All opinions in this post are my opinions and mine alone.

You can view our full disclaimer here.

Stop trading time for dollars is an all-too-common refrain when it comes to pricing your services. But what does that really mean? In this episode, we’re diving into the missing part of this conversation and what you really need to know about trading time for dollars.

One of the very first things I learned when I arrived in the online business world is that you shouldn’t trade time for dollars. That your business model, your services, and your pricing should be built around the idea of value.

It sounds good on the surface. But as someone with a successful business who was charging by the hour, it made me feel terrible. I wondered if I was doing something wrong.

This is a conversation I’ve had hundreds of times with clients over the years as they feel the same way. Trading money for time is about leveraging your financial resources to delegate tasks to others and free up time for yourself. This is why I’m tackling this topic and am here to share the truth about trading time for dollars.

We’re going to talk about why this business advice is everywhere, what we need to know about it, and considerations for pricing your services.

Listen Now To This Essay On The BS-Free Service Business Show

The idea that we should stop trading time for dollars is rooted in the idea that our work has value, and when we charge by the hour or price hourly, we’re limiting our income potential.

After all, our time is limited. Using basic math your business revenue is based on hours multiplied by your hourly rate.

However,  this is a gross oversimplification designed to sell the idea that you should be making passive income so you can make exponentially more money.

Every story and marketing message needs a villain. For course and program creators selling us the dream of making millions, trading time for dollars is a compelling villain.

The hero is so-called passive income. But within online business, very little income is truly passive. A more accurate term for revenue generated at scale through courses or programs is leveraged income. There’s definitely still work involved.
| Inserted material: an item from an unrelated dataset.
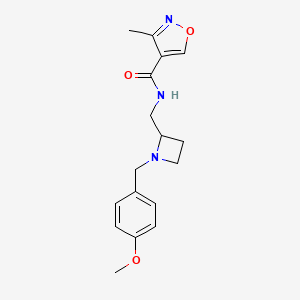 molecular formula C17H21N3O3 B7397509 N-[[1-[(4-methoxyphenyl)methyl]azetidin-2-yl]methyl]-3-methyl-1,2-oxazole-4-carboxamide 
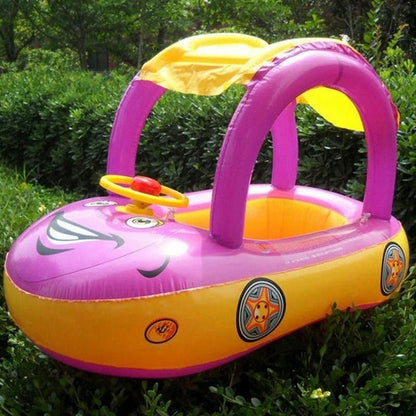 Baby Pool Float with Canopy Summer Steering Wheel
The characterization of “trading time for dollars” as the villain is not a fair or entirely accurate one. It’s rooted in trying to sell us a path to freedom and wealth that’s unlikely to be accessible for the majority of us.

The online business industry is obsessed with the idea of the 7-figure business. However, despite what celebrity entrepreneurs teach, current data from the Spectrem Group shows that 3.5% of the general population in the US are millionaires.

That same research indicates that the likelihood of becoming a millionaire is greatly impacted by a multitude of factors including education, race, and age.

Additionally, research from Bell et al (2018) and Marinoni & Voorheis (2019) shows how “gains from an entrepreneurial activity are concentrated in the top of income distribution, implying a broader picture of unequal chances of entrepreneurial success.”

In short, if you have financial resources, you’re more likely to be successful as a business owner.

It may seem that millionaire status is more attainable as an entrepreneur, especially if you stop trading time for dollars, but there’s an additional factor to consider.

The reality is that having a business making a million dollars or more in revenue doesn’t automatically equate to greater personal wealth.

If you pay careful attention to businesses that are built on the idea of not trading time for dollars, many times you’ll see a shockingly low-profit margin as they have sky-high expenses.

While they’re hitting a big revenue number, the risk they’re incurring chasing a potential personal payoff is immense, and it’s not something that a lot of people have the resources or resilience to do.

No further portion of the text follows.